In order to get closer to the real freeze-thaw cycles, the weather resistant adhesive was smeared on the side of the insulation panel to prevent the water and Na2SO4 solution from corroding the insulation board from the side. The freeze-thaw cycle was carried out in the temperature cycle rain box. The operating procedures of freeze-thaw cycles are as follows: The specimens were placed at (20 ± 2)°C for 8 h and sprayed with water at a rate of (1.0 ± 0.1) L/(m2·min), and then the temperature of the box was reduced to −20°C and maintained at (−20 ± 2)°C for 16 h, which was a cycle. The cracks and shedding on the specimen surface were observed and recorded after each three cycles.
Test group
The component information of specimen in freeze-thaw environment.
Test loading scheme
In this paper, the flexural properties of TRE-PSIWP were studied by four-point bending test. The specimen was placed on two fixed bearings. A steel plate with a size of 400 mm × 80 mm × 10 mm and a steel roller were arranged between the specimen and the bearing. The four-point bending test diagram was shown in Figure 6. A vertical load, provided by a 10-ton hydraulic jack, was applied by the distribution beam.

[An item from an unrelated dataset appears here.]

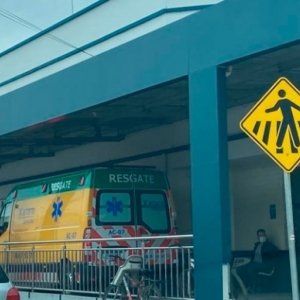 Duas pessoas ficam feridas em colisão na marginal da BR-101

The loading points were arranged symmetrically on the upper surface of the specimen 150 mm away from the central axis. The load was applied with force control at a loading per stage of 1 kN for 10 min. A 15-ton load cell was placed above the distribution beam to measure the vertical load. Five displacement gauges were used to measure the vertical displacement of the midspan and bearings, as well as the horizontal displacement of the TRE panels. The measuring range of the displacement gauge at the midspan was 50 mm, and the rest were 30 mm. Test loading and measurement device. (a) Sketch of the test loading device (unit: mm). (b) Photograth of the test device.
Test results
Damage and failure modes
Figure 7 shows the surface characteristics of TRE-PSIWPs after freeze-thaw cycles. After freeze-thaw cycles, all specimens remained intact without cracking and shedding, as well as salt weathering appeared on the surface of the wythes immersed in 5% Na2SO4 solution. Surface shape characteristics of the PSIWPs after freeze-thaw cycles. (a) Specimen surface after freeze-thaw cycles. (b) Salt weathering.
Test results of specimens under freeze-thaw environment.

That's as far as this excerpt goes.